• Required work
In the entries below, the lines from the one with "Леонид Михельсон и" through the one with "今天，优质供给从何而来" are to be copied exactly; both ends count.

• Materials provided
•••••
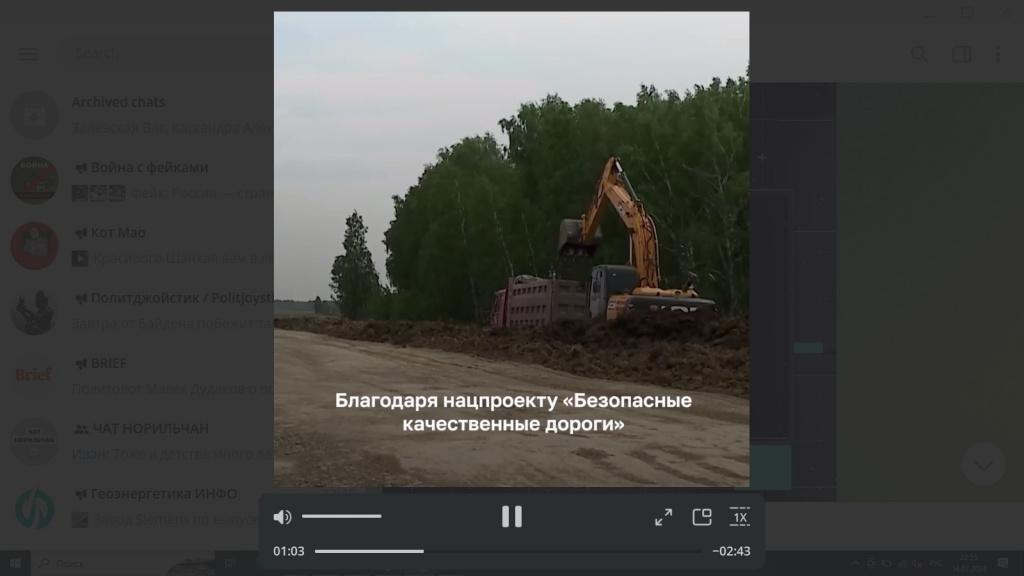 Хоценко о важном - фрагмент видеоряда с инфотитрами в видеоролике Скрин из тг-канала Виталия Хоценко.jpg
•••••
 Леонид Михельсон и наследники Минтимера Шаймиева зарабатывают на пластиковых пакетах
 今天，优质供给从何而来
•••••
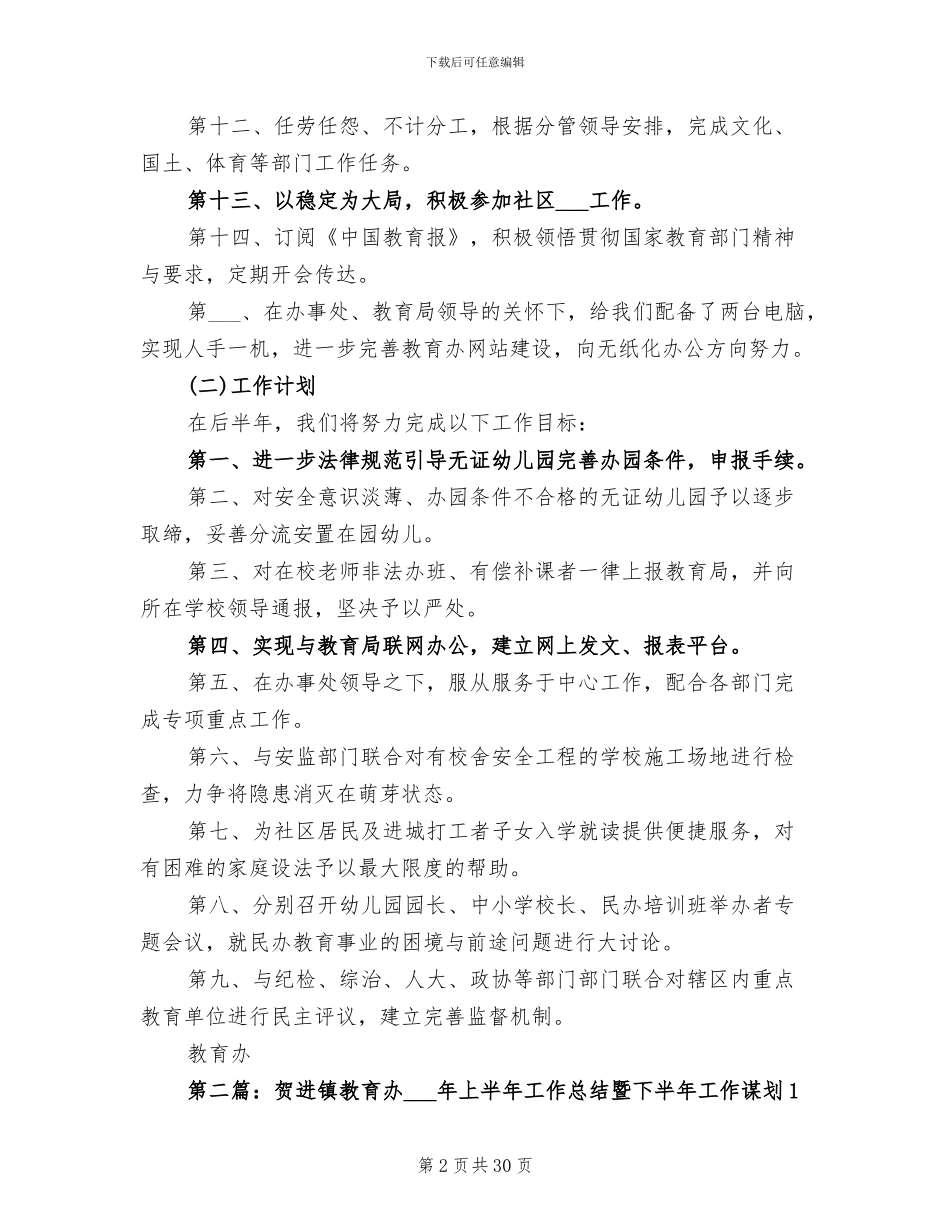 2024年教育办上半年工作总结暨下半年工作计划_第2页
•••••
• Answer to the problem
 Леонид Михельсон и наследники Минтимера Шаймиева зарабатывают на пластиковых пакетах
 今天，优质供给从何而来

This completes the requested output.